API Proposal: Add SpanReader<T> that aligns with SequenceReader<T>

JeremyKuhne commented 3 years ago

Background and Motivation

SequenceReader<T> was fine tuned to give the best performance for ReadOnlySequence<T> and explicitly didn't support a second state constructed around a ReadOnlySpan<T> directly.

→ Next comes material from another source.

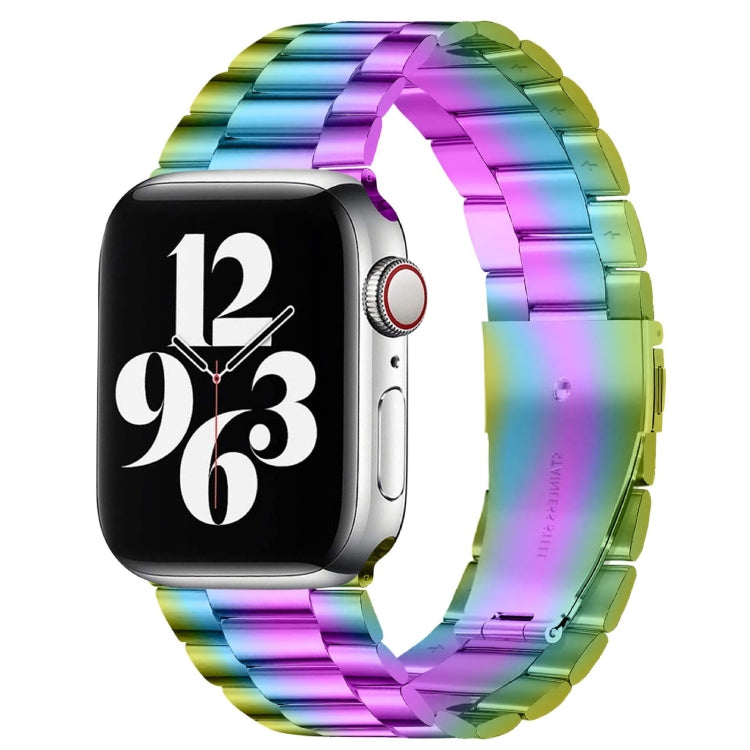 Cinturino in acciaio con fibbia pieghevole per Apple Watch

There is no practical way to turn a ReadOnlySpan<T> into a ReadOnlySequence<T>. Providing a reader that follows a similar pattern when reading ReadOnlySpan<T> would help people reading spans directly and would allow further sub-parsing of spans returned from SequenceReader<T> methods.

Proposed API

The proposed API follows along with SequenceReader<T> with the following differences:

No ReadOnlySequence<T> methods.
Lengths are int rather than long as spans are constrained to int.

namespace System.Buffers
{
    public ref struct SpanReader<T> where T: unmanaged, struct, IEquatable<T>
    {
        public SpanReader(ReadOnlySpan<T> span);
        public int Consumed { get; }
        public bool End { get; }
        public int Length { get; }
        public int Remaining { get; }
        public ReadOnlySpan<T> UnreadSpan { get; }
        public void Advance(int count);
        public int AdvancePast(T value);
        public int AdvancePastAny(T value0, T value1);
        public int AdvancePastAny(T value0, T value1, T value2);
        public int AdvancePastAny(T value0, T value1, T value2, T value3);
        public int AdvancePastAny(ReadOnlySpan<T> values);
        public void AdvanceToEnd();
        public bool IsNext(T next, bool advancePast = false);
        public bool IsNext(ReadOnlySpan<T> next, bool advancePast = false);
        public void Rewind(int count);
        public bool TryAdvanceTo(T delimiter, bool advancePastDelimiter = true);
        public bool TryAdvanceToAny(ReadOnlySpan<T> delimiters, bool advancePastDelimiter = true);
        public bool TryCopyTo(Span<T> destination);
        public bool TryPeek(out T value);
        public bool TryPeek(int offset, out T value);
        public bool TryRead(out T value);
        public bool TryReadTo(out ReadOnlySpan<T> span, ReadOnlySpan<T> delimiter, bool advancePastDelimiter = true);
        public bool TryReadTo(out ReadOnlySpan<T> span, T delimiter, bool advancePastDelimiter = true);
        public bool TryReadTo(out ReadOnlySpan<T> span, T delimiter, T delimiterEscape, bool advancePastDelimiter = true);
        public bool TryReadToAny(out ReadOnlySpan<T> span, ReadOnlySpan<T> delimiters, bool advancePastDelimiter = true);
    }

    public static class SpanReaderExtensions
    {
        TryReadBigEndian(this ref SpanReader<byte>, out short);
        TryReadBigEndian(this ref SpanReader<byte>, out int);
        TryReadBigEndian(this ref SpanReader<byte>, out long);
        TryReadLittleEndian(this ref SpanReader<byte>, out short);
        TryReadLittleEndian(this ref SpanReader<byte>, out int);
        TryReadLittleEndian(this ref SpanReader<byte>, out long);
    }
}

Usage Examples

SpanReader<byte> reader = new(data);
if (!reader.TryAdvanceTo(Identifiers.StartOfText, advancePastDelimiter: false))
{
    throw new InvalidDataException("No start text (STX) control character found.");
}

ushort checksum = CalculateFileChecksum(reader.UnreadSpan);
reader.Advance(1);

if (!reader.TryReadTo(out var designSpecification, Identifiers.FieldTerminator))
{
    throw new InvalidDataException("Did not find design specification.");
}

info.DesignSpecification = Encoding.ASCII.GetString(designSpecification);
reader.AdvancePastAny(Identifiers.LineSeparators);

Alternative Designs

Adding direct ReadOnlySpan<T> support to SequenceReader<T> is technically possible but would have a negative performance impact that is measurable in key web scenarios. It also would be hard for consumers to understand the implications of calling overloads that have ReadOnlySequence<T> outputs (do we copy to an array?).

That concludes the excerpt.